恋煩い?それとも、

わたしがもう十年か二十年早く生まれていたら、間違いなく‟Olive”の愛読者だったと思う。
生まれたころには廃刊していたから、シティガールのわたしは、シティボーイのための雑誌“Popeye”を愛読している。何もする気が起きなくてSNSを眺めていたら、今日は発売日だったと知って、さっき最寄りのコンビニで買ってきた。
それが、今日初めての外出になった。22時ごろだった。

あれ、今日は、一日カフェに籠って勉強する予定だったのに。卒論の一セクションを書き終えるはずだった。おかしいな。

起きた後、珍しくぱっぱと着替えて、メイクまでしていたのに、家にいてしたことは、お掃除とお料理だけ。いや、ごはんもちゃっかり三度食べた。
それ以外はずっと、寝ていた。昼寝と呼ぶには長すぎる。

お昼ご飯を食べた私は、せっかく着替えた服を脱ぎ捨てて、下着のまま冷たくなったベッドにもぐりこんだ。
「家を出る前に15分くらい、お昼寝をしよう。そうしたら頭もすっきりして、勉強ができるわ」
と思いながら。

そう、ちっとも勉強の気分になれなかった。なれなかったどころじゃない。なんだか具合が悪いような気がしていた。

理由は分かっている。
好きな人をご飯に誘ったから。

なにそれ、恋煩い?!なんて言われてしまいそう。そういえば、恋煩いなんて言葉、二十二年生きてきた日常生活では一度も使ったことがない。

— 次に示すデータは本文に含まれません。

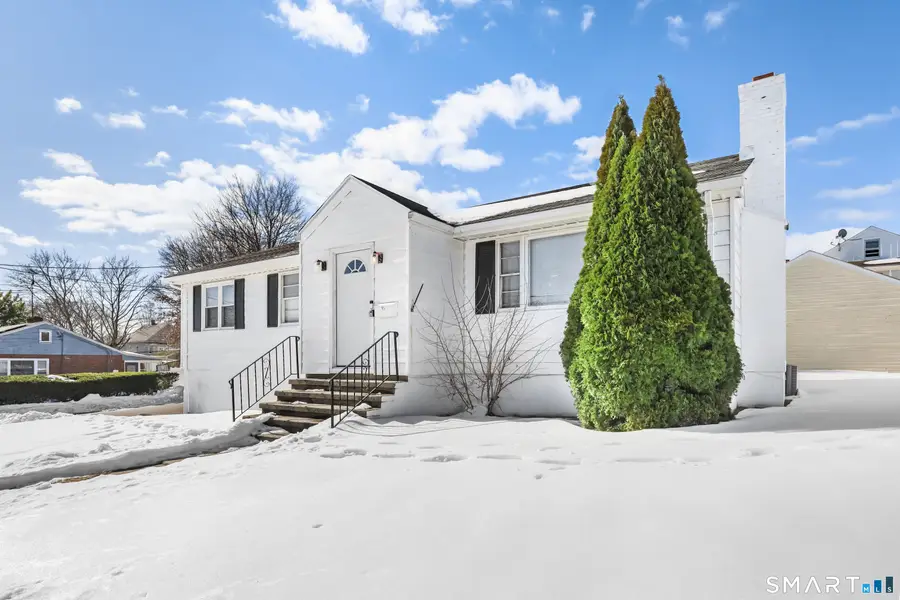 95 Alexander Avenue, Bridgeport, CT 06606 - #2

ありふれているような気がするのに。

前にもこういうことがあった。
憧れの先輩と会う約束をした日から、実際に会った後の三日間くらい、ずっと体調不良だった。「先輩のことは素敵だと思うけど、会うだけでこんなに緊張して具合悪くなるなら、わたしにはきっと向いていないわ」と思って、恋になる前にやめてしまった。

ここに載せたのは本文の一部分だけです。